Task statement >>
Return exactly, please, the lines from the one containing "New Caledonia Christmas" to the last line of the entries below, and nothing else, leaving pictures out.

Extracted material >>
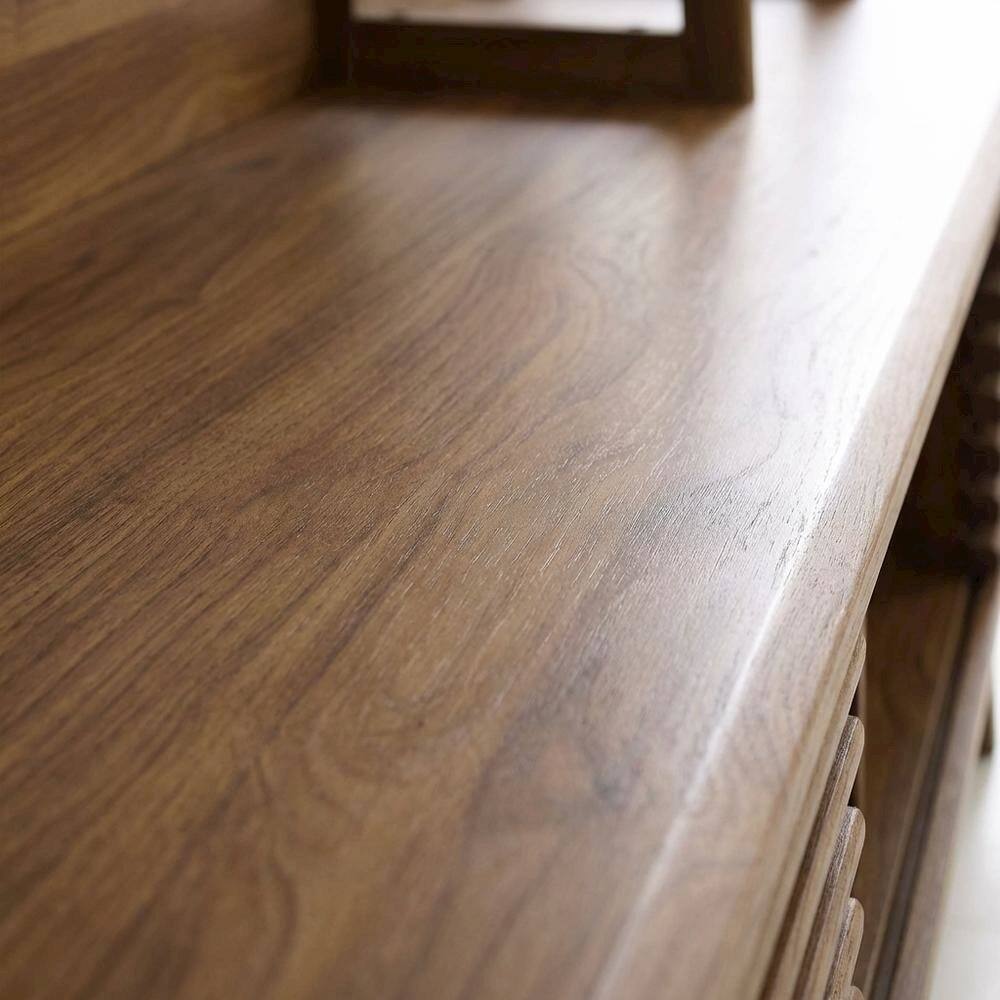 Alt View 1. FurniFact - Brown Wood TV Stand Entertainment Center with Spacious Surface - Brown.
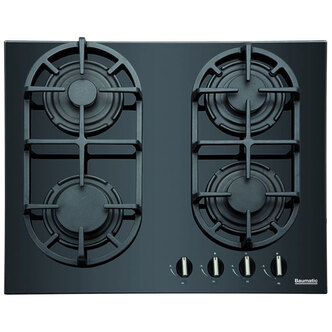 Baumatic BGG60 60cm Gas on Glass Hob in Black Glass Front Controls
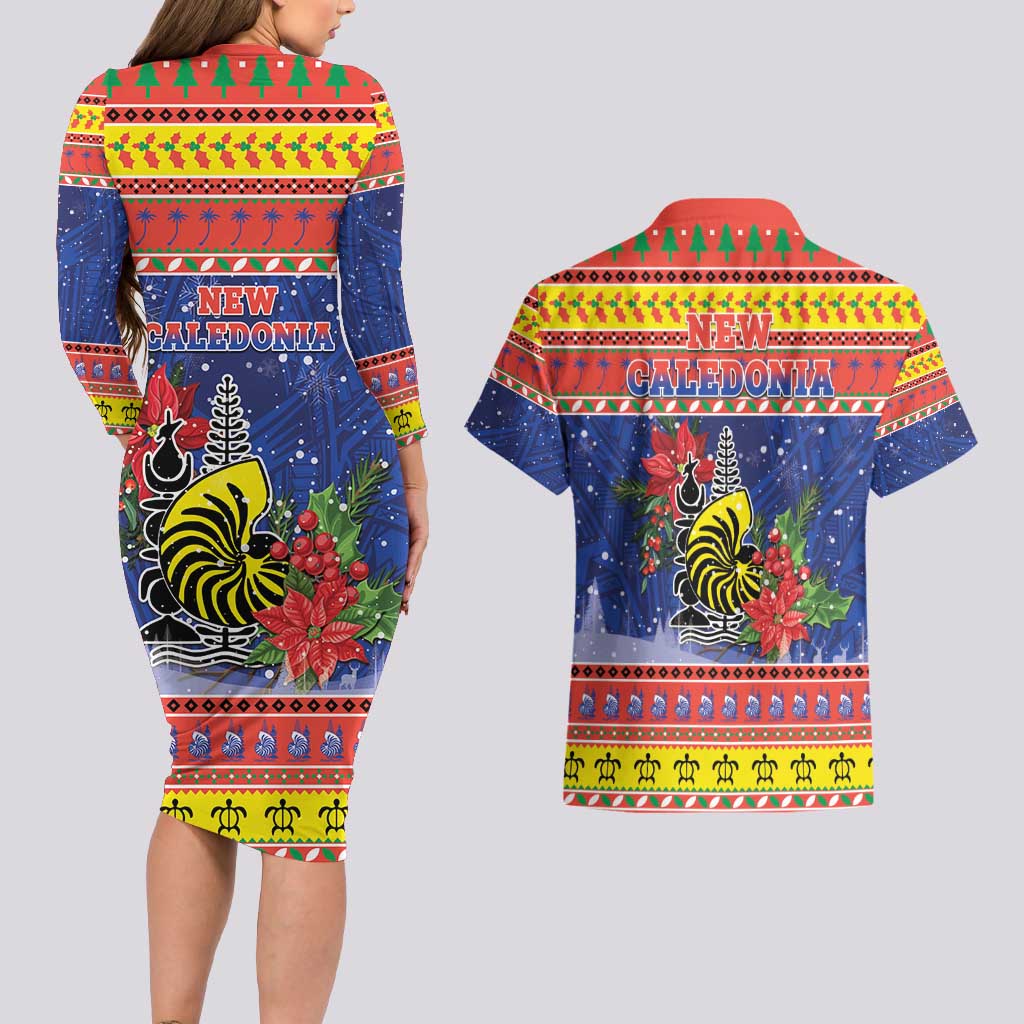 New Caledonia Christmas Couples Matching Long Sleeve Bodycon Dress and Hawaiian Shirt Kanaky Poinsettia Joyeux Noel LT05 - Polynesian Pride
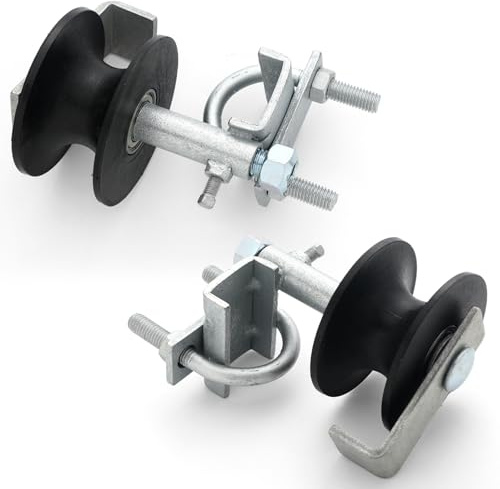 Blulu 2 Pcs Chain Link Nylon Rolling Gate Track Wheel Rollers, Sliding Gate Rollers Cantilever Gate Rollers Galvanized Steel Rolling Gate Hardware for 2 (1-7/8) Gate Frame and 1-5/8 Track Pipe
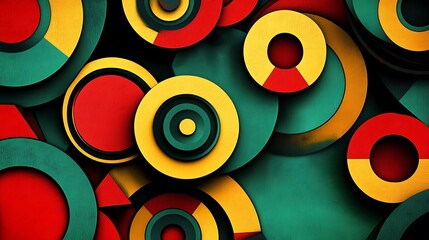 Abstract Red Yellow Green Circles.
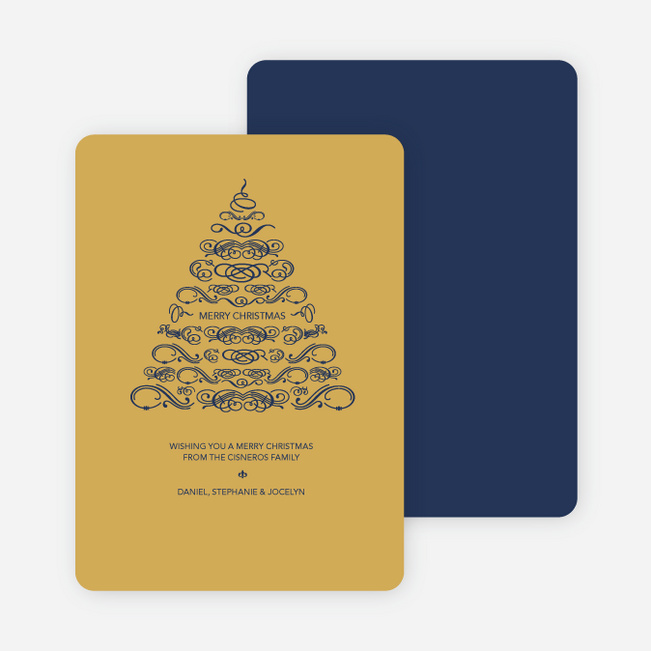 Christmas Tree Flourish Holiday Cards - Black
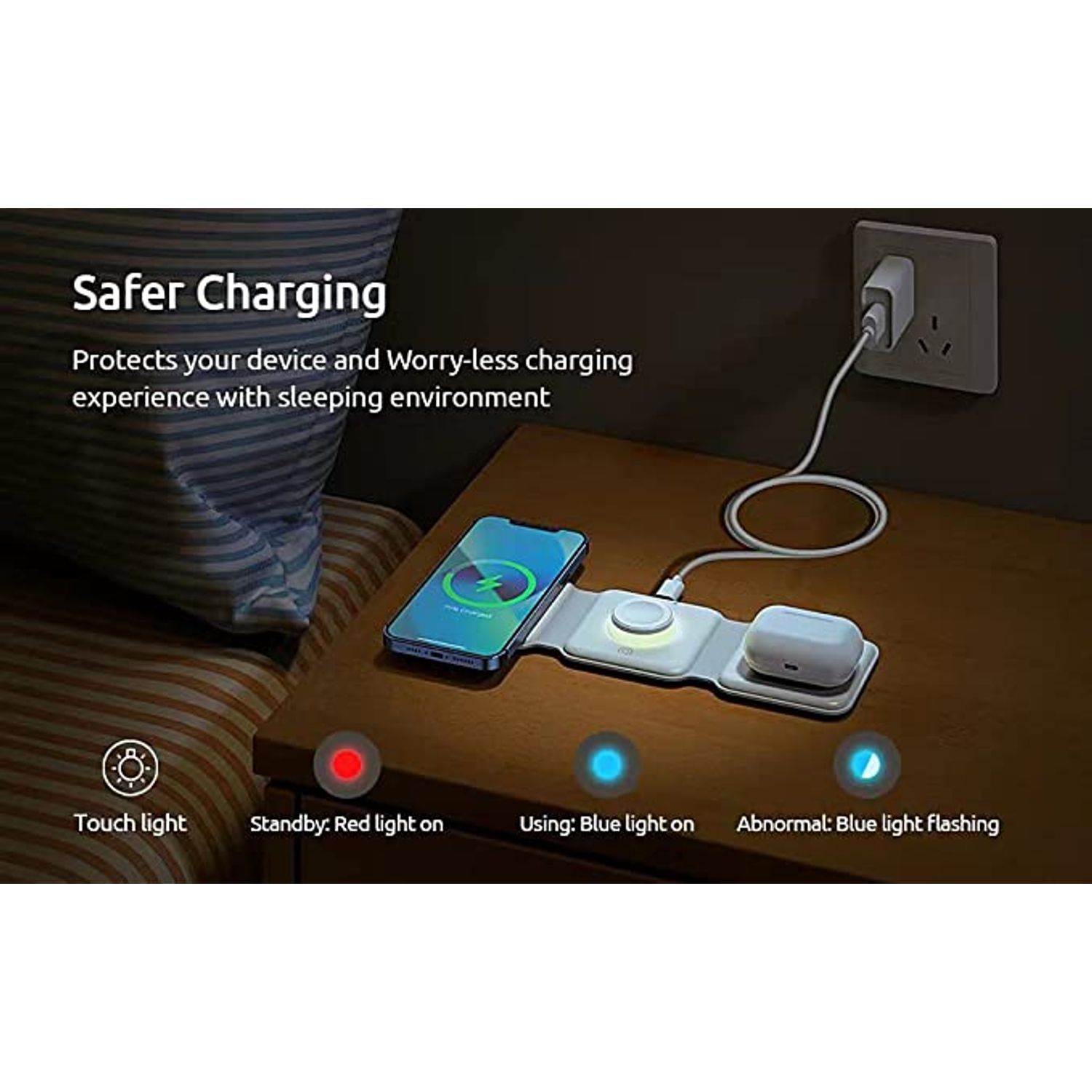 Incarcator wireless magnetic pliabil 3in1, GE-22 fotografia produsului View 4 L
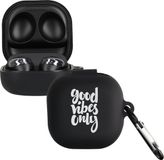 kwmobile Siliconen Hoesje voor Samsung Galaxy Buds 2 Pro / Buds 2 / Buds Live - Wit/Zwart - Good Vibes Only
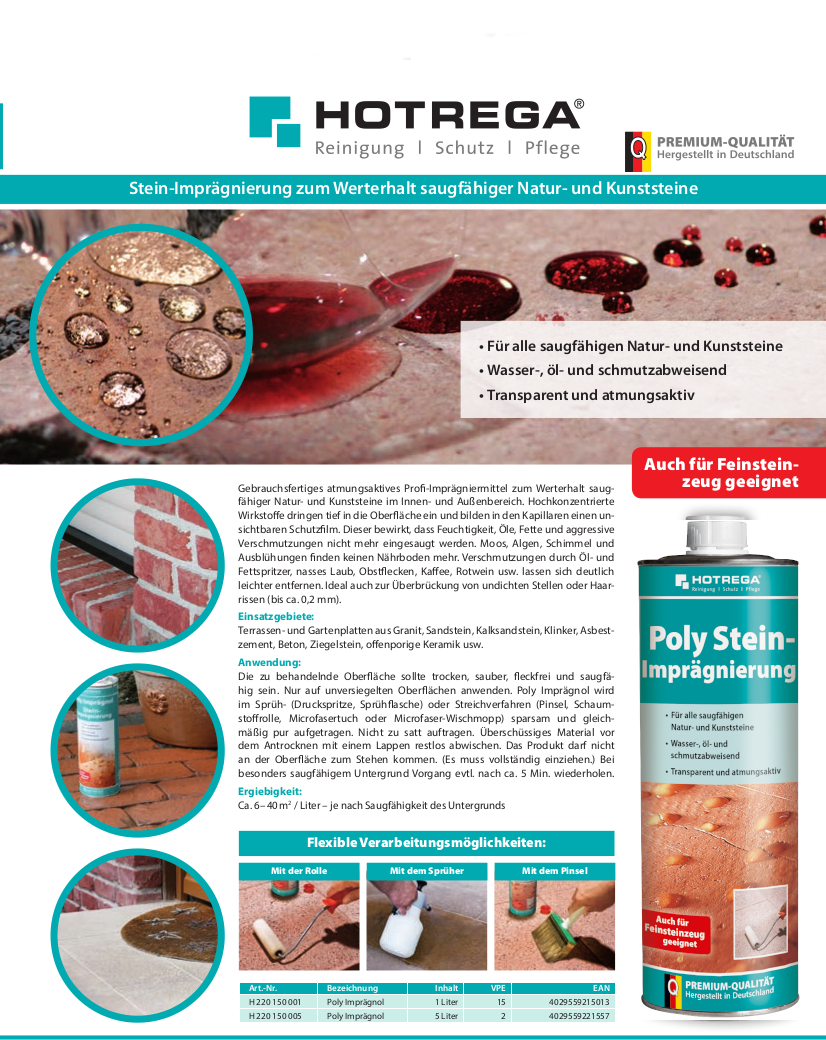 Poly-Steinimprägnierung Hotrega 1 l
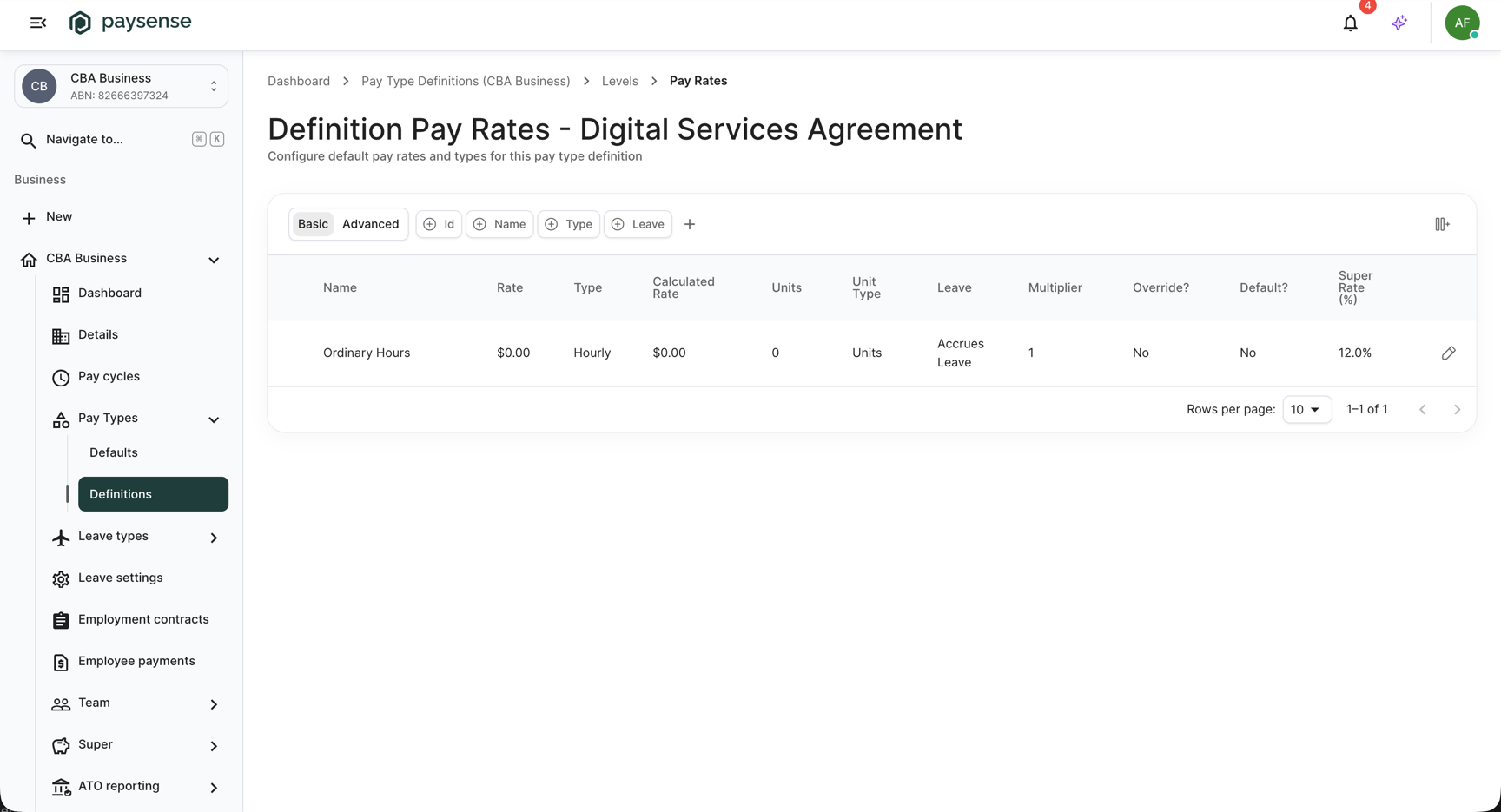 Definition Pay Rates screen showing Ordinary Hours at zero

Problem solution >>
 New Caledonia Christmas Couples Matching Long Sleeve Bodycon Dress and Hawaiian Shirt Kanaky Poinsettia Joyeux Noel LT05 - Polynesian Pride
 Blulu 2 Pcs Chain Link Nylon Rolling Gate Track Wheel Rollers, Sliding Gate Rollers Cantilever Gate Rollers Galvanized Steel Rolling Gate Hardware for 2 (1-7/8) Gate Frame and 1-5/8 Track Pipe
 Abstract Red Yellow Green Circles.
 Christmas Tree Flourish Holiday Cards - Black
 Incarcator wireless magnetic pliabil 3in1, GE-22 fotografia produsului View 4 L
 kwmobile Siliconen Hoesje voor Samsung Galaxy Buds 2 Pro / Buds 2 / Buds Live - Wit/Zwart - Good Vibes Only
 Poly-Steinimprägnierung Hotrega 1 l
 Definition Pay Rates screen showing Ordinary Hours at zero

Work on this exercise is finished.